Elizabeth Lavis bepergian keliling Georgia bersama pacarnya Misha.

Elizabeth Lavis



Membangun masa depan bersama

Untuk kita, komunikasi dan kompromi adalah cara terbaik untuk menjaga perdamaian. Kami berdua melangkah keluar dari zona nyaman kami; saya setuju untuk makan malam pukul 8:30 malam, dan Misha setuju untuk mempertimbangkan strategi pensiun dan investasi. Ia enggan membicarakan hal ini, kebiasaan lain yang sudah mengakar dalam hidup di masa kini, dan kami belum memiliki rencana bersama, tetapi setidaknya kami membicarakannya.

Saya mengambil pelajaran bahasa Georgia beberapa kali seminggu, dan kedua orang tua saya datang ke Tbilisi secara terpisah untuk menghabiskan waktu bersama Misha.

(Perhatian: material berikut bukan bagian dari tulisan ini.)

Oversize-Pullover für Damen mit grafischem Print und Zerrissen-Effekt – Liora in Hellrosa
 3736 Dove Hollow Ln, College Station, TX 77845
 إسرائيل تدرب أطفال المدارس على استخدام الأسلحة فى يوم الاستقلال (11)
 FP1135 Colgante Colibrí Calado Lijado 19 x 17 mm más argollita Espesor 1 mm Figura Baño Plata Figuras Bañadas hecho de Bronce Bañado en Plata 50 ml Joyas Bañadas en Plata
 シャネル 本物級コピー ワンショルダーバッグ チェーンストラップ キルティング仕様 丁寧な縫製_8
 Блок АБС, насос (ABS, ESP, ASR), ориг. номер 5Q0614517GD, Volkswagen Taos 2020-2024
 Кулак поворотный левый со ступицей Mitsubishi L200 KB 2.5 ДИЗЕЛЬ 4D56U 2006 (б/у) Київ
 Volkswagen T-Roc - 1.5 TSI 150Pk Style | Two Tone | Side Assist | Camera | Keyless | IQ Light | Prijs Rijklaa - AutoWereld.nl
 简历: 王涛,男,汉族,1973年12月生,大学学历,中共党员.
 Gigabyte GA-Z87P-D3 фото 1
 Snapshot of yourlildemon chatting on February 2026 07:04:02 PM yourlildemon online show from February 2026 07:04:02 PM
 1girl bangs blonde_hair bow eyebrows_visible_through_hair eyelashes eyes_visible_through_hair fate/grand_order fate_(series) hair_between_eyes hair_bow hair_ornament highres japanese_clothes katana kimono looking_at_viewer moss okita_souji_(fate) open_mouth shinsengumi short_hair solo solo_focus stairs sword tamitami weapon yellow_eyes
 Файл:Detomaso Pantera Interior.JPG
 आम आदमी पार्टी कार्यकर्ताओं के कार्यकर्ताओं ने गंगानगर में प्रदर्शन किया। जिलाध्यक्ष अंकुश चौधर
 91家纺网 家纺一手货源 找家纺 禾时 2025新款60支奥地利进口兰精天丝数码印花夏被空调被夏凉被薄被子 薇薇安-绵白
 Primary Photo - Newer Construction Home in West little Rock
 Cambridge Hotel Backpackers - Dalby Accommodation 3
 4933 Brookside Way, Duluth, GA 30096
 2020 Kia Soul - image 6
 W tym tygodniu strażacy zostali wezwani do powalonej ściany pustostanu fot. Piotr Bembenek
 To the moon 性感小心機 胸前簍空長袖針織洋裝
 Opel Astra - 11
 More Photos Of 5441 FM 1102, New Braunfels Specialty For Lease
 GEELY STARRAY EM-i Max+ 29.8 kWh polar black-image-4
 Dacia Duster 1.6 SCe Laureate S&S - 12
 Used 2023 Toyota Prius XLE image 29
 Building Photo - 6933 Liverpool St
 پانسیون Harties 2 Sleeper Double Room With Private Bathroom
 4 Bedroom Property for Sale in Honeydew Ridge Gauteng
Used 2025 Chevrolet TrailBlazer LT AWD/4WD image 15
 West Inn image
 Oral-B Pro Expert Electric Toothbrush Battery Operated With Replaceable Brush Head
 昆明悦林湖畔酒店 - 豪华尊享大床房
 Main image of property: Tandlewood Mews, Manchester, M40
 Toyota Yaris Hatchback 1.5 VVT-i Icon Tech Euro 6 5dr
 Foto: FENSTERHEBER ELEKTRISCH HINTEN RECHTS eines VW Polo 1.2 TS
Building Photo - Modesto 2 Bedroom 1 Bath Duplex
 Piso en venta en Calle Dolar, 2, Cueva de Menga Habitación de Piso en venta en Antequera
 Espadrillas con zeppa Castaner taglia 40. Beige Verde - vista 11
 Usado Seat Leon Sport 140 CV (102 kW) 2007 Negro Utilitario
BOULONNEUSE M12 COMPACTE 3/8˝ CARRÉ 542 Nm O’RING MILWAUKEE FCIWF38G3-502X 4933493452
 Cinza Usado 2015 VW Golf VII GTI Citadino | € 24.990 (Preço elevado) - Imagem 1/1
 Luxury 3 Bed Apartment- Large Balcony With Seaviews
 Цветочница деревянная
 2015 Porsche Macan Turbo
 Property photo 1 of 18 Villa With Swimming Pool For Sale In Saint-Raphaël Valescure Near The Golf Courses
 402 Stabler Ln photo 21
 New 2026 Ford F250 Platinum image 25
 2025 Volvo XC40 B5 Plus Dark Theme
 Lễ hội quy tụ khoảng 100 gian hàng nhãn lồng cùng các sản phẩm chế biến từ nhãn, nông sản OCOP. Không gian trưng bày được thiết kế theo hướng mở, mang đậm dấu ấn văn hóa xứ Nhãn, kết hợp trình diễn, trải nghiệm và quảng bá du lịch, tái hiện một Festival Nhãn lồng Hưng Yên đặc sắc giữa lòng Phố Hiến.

Saya sudah mencoba bubur masa kecil Misha, meskipun belum sepenuhnya disukai, dan dia makan semangkuk Kraft Mac and Cheese dengan hasil yang sama. Pada hari Minggu, kami duduk dan mendiskusikan hal-hal yang kami anggap membingungkan atau aneh tentang budaya masing-masing. Jenis transparansi penuh mengarah ke ruang “tanpa pertanyaan bodoh” di mana kita dapat bersantai dan mengajukan pertanyaan apa pun.

Penafsiran kita terhadap dunia, pengalaman, dan sudut pandang tidak akan pernah sepenuhnya sama. Tidak apa-apa asalkan kita berlatih bernegosiasi dan bersabar dalam upaya menghargai dan memahami budaya masing-masing.

Punya esai pribadi tentang gegar budaya atau relokasi yang ingin Anda bagikan? Hubungi editor: [email protected].